When you find a group of gulls it is not uncommon to catch them posturing or fighting. That appears to have been the case with these two below engaged in a scuffle. Two gulls on the right appear to be egging them on while Kittiwakes watched from below.
Black-legged Kittiwakes were also abundant on the island. These small gulls are very gregarious, often nesting in impressively large colonies. When they are on land you can hear their constant nasally call of “kit-ti-wake”. They nest in small mounds of mud and vegetation on shallow cliff ledges.
The scientific name for Kittiwake is tridactyla, meaning three-toed.

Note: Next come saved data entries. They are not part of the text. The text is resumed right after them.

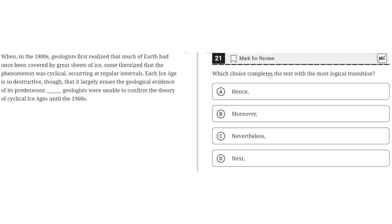Which choice completes the text with the most logical transition? When, in the 1800s, geologists first realized that much of Earth had once been covered by great sheets of ice, some theorized that the phenomena was cyclical, occurring at regular intervals.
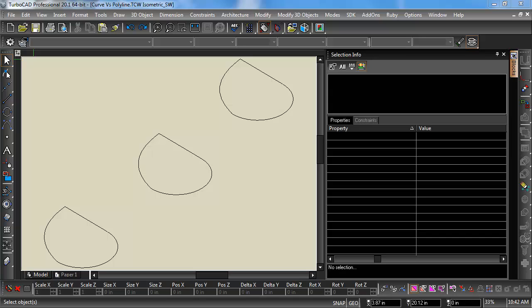Hello, this is Rip with IMSI Design. Today I'm going to take a look at curves in polylines and what happens when you extrude them.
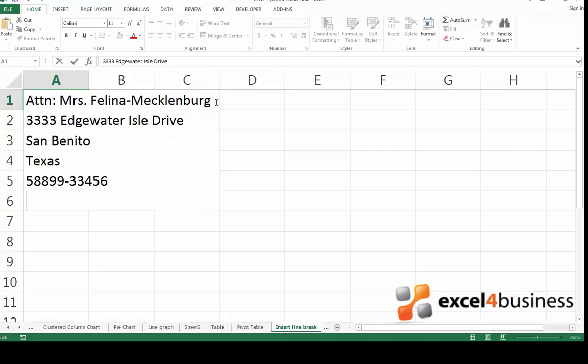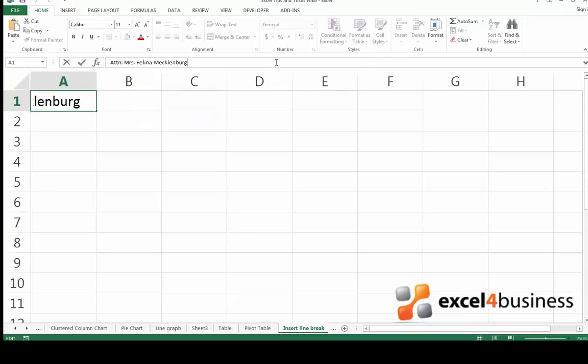In case you're entering this data not in a cell but in the formula tab, there are several other things you can do. If you want to insert a new line in the formula tab, you can do the same thing you did in the cell.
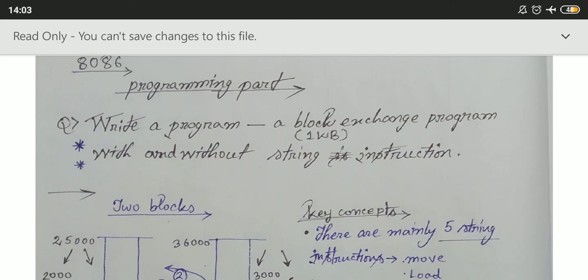Hi friends, welcome and welcome back to my channel Syntech Microprocessor. My name is Varya Mukherjee, and in this video series we are discussing about the 8086 microprocessor. In this video we are going to discuss the 8086 programming part — this is the third video on programming.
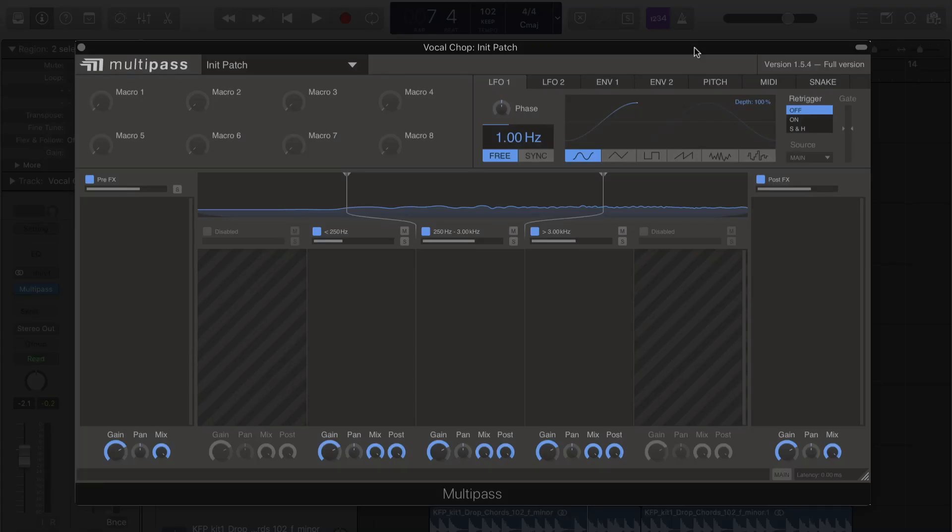Let me show you how we can bring this vocal chop to life with Kilohertz multi-pass. Let's take a listen to where we're starting out.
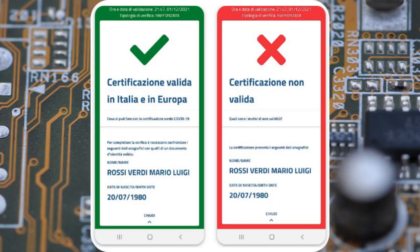The interesting part of all this is, of course, the JSON payload. The official apps provided by some European governments usually show you only the first name, last name, date of birth, and validity of the certificate.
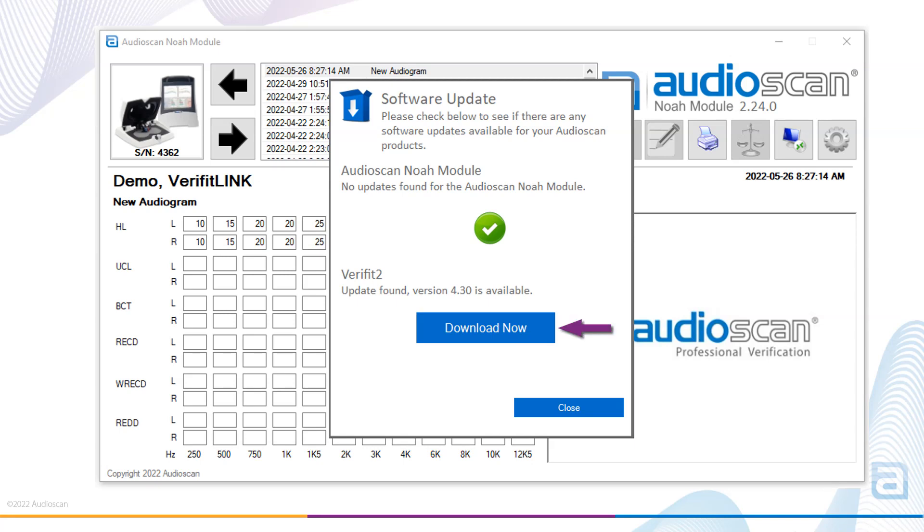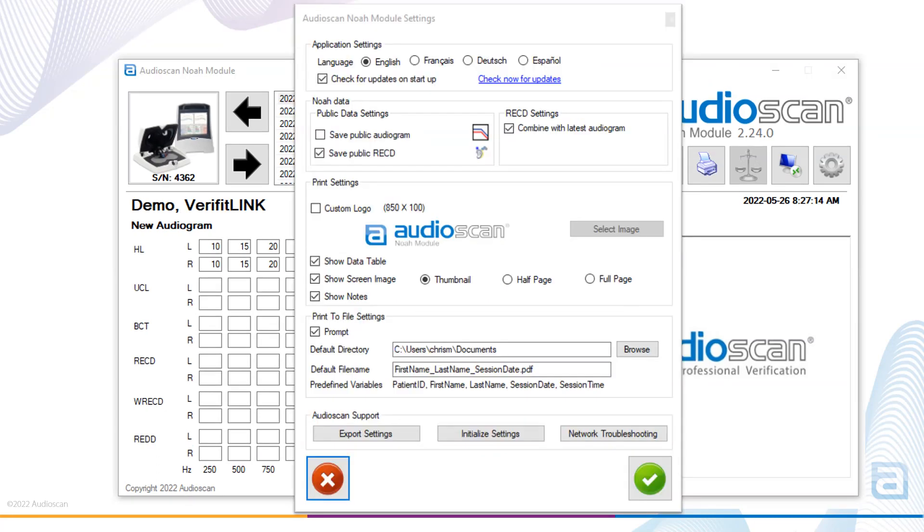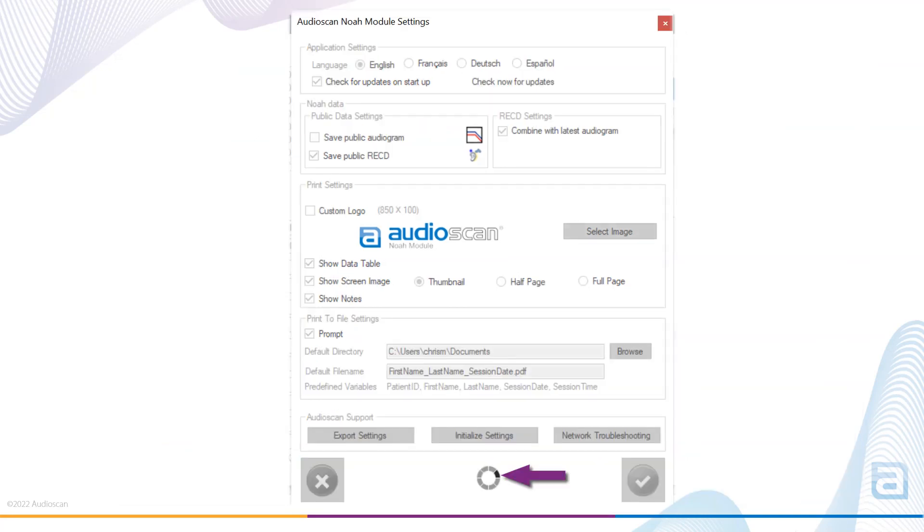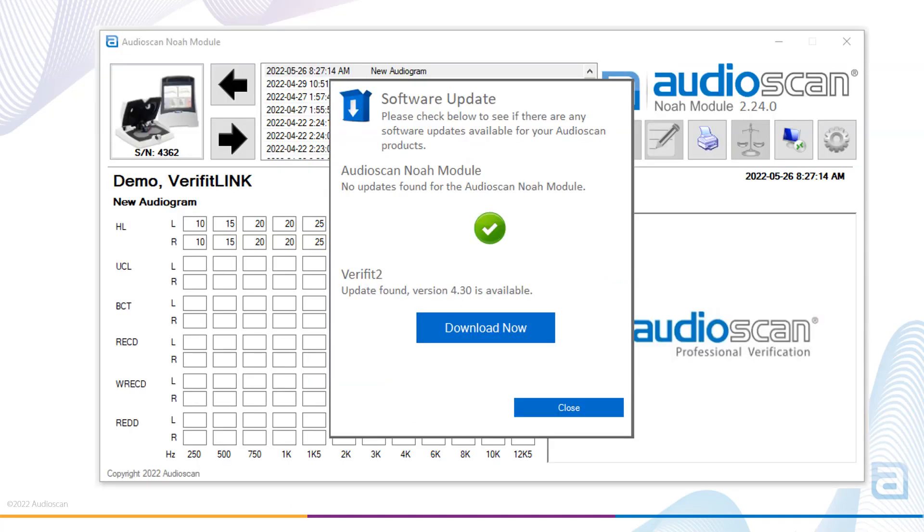If you have not checked check for updates on startup and prefer to manually check for software updates, at any time you can manually check for software by selecting check now for updates. The module will briefly check the software versions of the Audioscan Noah module and your Verifit 2 or Axiom versus the latest available software on the Audioscan website. If the currently installed version is the latest available software, a checkmark is shown along with text that indicates no updates were found.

This is because their hind toe is reduced to a small nub.
When Ranger Tom VandenBerg was asked to identify his favorite spots in Glacier Bay he talked about South Marble Island because “It represents to me the incredible richness of life at Glacier Bay…a land that was covered by a massive glacier only 250 years ago, now filled with wildlife.” My trip around the island in July was nothing short of magical. Through my photos and research in the past couple of weeks I have relived that experience countless times. And I have learned so much more than I ever imagined, yet I know that I’ve only touched the surface. I hope to return one day when I can spend more time studying this beautiful island along with its unique array of inhabitants.